Loneliness

lonelinessThis seems to have been the week for discussions about loneliness. We have been talking about the experience of loneliness with a number of people in different situations:

  • A married woman whose husband is away on business,
  • A widowed professional man,
  • A woman who recently ended a two year relationship.

What has been interesting in these conversations is that they start with the assumption that loneliness is due to the absence of someone, and that therefore the solution is to find that someone, or that there is no solution because that someone is dead. On further reflection the conversation comes around to the recognition that the loneliness process (the set of thoughts and feelings associated with loneliness) is different from just being alone.

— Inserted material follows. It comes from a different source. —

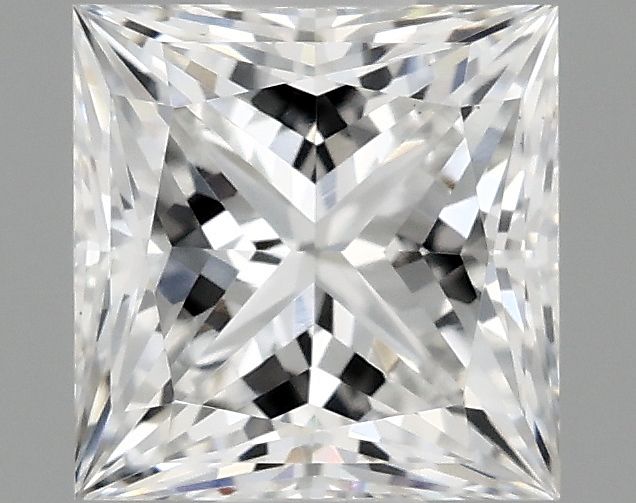 1.03 ct. princess Lab Grown Diamond front image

There are, for instance, situations in which one can be with another person but feel so estranged from that person that one feels lonely. And there are certainly times of solitude that are very, very different from being lonely and that are, for many people, highly valued.

The experience of loneliness frequently includes the fear that one will never find a true partner. Or will not be able to maintain a relationships with such a true partner – someone who really understands and cares for the person who is alone.

In many ways, it is this fear that is the cause of loneliness, rather than the actual experience of being alone.

For the married woman whose husband is away, the fear is that the spouse really is more committed to work than to her. Perhaps a foreshadowing or anticipation of the possibility that the partner might leave.

These fears fall into the category of “dangerous thoughts”: thoughts that make the feared outcome more likely. In other words, the woman who is afraid that her spouse is more interested in work might become insistent or demanding, or angry, or withdraw from the spouse. All actions that could make the spouse feel (gradually and over time) that work is more satisfying than being with her.

The solution to loneliness, then, may not be to find another person, but rather to try to understand the fear of being alone, to look at the evidence carefully (are there lessons to be learned from past relationships that could lay the foundation for future happy future relationships?) and then to try to identify whether the fear is a realistic worry or fear, based on current circumstances, or whether it may, instead, tap into old fears from past relationships and perhaps from childhood.

Obviously, those old fears can be powerful, but their power is usually in inverse proportion to how hidden they are. If I can see clearly that what is driving the loneliness process is a fear that comes from my experience that my mother was very depressed and never seemed to show me any love when I was growing up, that the fear is not based on who I am right now, and my current life circumstance, then the fear can take a more appropriate position in one’s thoughts. It can be seen to be a remnant or memory from the past, that is not a useful predictor of the future.

In other words, loneliness should lead to investigation, rather than just be accepted as the logical consequence of being alone. Loneliness is usually an active process that derives from automatic thoughts and fears that are not clearly seen and are therefore very powerful. And that one way or another tap into the universal fear of being abandoned by one’s parents…. the fear that drives so much of early childhood behavior. But those fears can be given proper perspective, and being alone need not be so painful.

There are so many great books relevant to this post that it is hard to know where to begin. Solitude by Anthony Storr is a classic discussion of the positive aspects of being alone and may be a useful antidote to the idea that “I am lonely because I am lonely.” Where Solitude is pretty wordy, A Gift from the Sea is a poetic, and very short, discussion of how one moment of being alone was very healing for Anne Lindbergh. An interesting but weightier book on the subject of grieving and moving past grief is by Dr. Elizabeth Kubler-Ross (On Grief and Grieving). A more accessible book on grief is Healing After Loss: Daily Meditations For Working Through Grief by Martha Whitmore Hickman. One of the most popular, and for many people, helpful books on loss is How to Survive the Loss of a Love by Peter McWilliams.